Reproduce the line containing "HP Omnibook X" and every line after it through the end of the records. Include nothing else.

_ _ _

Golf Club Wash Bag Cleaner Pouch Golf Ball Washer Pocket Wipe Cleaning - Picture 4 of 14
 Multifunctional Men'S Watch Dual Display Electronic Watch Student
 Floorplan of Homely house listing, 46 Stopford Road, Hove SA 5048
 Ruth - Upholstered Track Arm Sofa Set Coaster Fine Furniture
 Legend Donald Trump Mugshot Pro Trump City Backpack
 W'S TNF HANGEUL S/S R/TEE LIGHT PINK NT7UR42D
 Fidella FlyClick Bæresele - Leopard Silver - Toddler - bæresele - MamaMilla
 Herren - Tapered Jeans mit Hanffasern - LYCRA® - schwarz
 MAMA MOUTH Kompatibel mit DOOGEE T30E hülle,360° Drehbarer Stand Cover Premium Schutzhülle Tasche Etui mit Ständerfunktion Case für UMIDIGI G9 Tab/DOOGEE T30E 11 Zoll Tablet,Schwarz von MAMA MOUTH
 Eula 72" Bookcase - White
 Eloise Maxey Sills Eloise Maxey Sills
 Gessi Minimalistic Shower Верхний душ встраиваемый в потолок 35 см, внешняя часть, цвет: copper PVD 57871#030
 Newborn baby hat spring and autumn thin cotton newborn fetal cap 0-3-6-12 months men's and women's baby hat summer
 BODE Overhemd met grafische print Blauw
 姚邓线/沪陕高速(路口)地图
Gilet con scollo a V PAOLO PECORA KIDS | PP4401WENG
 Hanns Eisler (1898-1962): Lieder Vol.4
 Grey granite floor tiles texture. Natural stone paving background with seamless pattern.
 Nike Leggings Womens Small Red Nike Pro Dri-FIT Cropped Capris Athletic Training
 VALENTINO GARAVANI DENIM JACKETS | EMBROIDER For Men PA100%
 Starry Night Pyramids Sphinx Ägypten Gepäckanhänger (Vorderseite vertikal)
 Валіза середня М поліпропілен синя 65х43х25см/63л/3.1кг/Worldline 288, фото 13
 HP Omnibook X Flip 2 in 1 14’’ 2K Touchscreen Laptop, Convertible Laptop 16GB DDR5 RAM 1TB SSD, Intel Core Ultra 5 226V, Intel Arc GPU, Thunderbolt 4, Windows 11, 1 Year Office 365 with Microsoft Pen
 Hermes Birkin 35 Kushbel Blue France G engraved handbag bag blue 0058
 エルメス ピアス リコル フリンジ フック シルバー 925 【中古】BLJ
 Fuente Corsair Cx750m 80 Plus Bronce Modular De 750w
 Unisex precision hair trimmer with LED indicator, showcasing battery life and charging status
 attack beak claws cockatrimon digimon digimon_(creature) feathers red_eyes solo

_ _ _

◆ RESULT:
 HP Omnibook X Flip 2 in 1 14’’ 2K Touchscreen Laptop, Convertible Laptop 16GB DDR5 RAM 1TB SSD, Intel Core Ultra 5 226V, Intel Arc GPU, Thunderbolt 4, Windows 11, 1 Year Office 365 with Microsoft Pen
 Hermes Birkin 35 Kushbel Blue France G engraved handbag bag blue 0058
 エルメス ピアス リコル フリンジ フック シルバー 925 【中古】BLJ
 Fuente Corsair Cx750m 80 Plus Bronce Modular De 750w
 Unisex precision hair trimmer with LED indicator, showcasing battery life and charging status
 attack beak claws cockatrimon digimon digimon_(creature) feathers red_eyes solo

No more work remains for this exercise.